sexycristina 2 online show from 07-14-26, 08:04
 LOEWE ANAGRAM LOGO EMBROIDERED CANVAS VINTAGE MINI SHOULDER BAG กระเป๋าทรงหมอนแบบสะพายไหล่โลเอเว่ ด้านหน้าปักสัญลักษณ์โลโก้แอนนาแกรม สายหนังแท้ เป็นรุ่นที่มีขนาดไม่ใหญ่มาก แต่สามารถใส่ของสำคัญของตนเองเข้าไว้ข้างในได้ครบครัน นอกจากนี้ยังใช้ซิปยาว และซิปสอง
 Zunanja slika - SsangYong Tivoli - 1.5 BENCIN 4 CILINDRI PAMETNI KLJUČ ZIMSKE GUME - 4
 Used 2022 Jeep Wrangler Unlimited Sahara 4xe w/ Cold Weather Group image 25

--

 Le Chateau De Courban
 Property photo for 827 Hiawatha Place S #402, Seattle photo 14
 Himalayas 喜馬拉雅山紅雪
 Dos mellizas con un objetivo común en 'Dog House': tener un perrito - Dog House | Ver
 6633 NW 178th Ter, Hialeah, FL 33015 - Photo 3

■ What to produce: Looking at the data above, return every line from the one with "Dos mellizas con" down to the one with "6633 NW 178th", exactly and inclusively.

■ Answer to this exercise:
 Dos mellizas con un objetivo común en 'Dog House': tener un perrito - Dog House | Ver
 6633 NW 178th Ter, Hialeah, FL 33015 - Photo 3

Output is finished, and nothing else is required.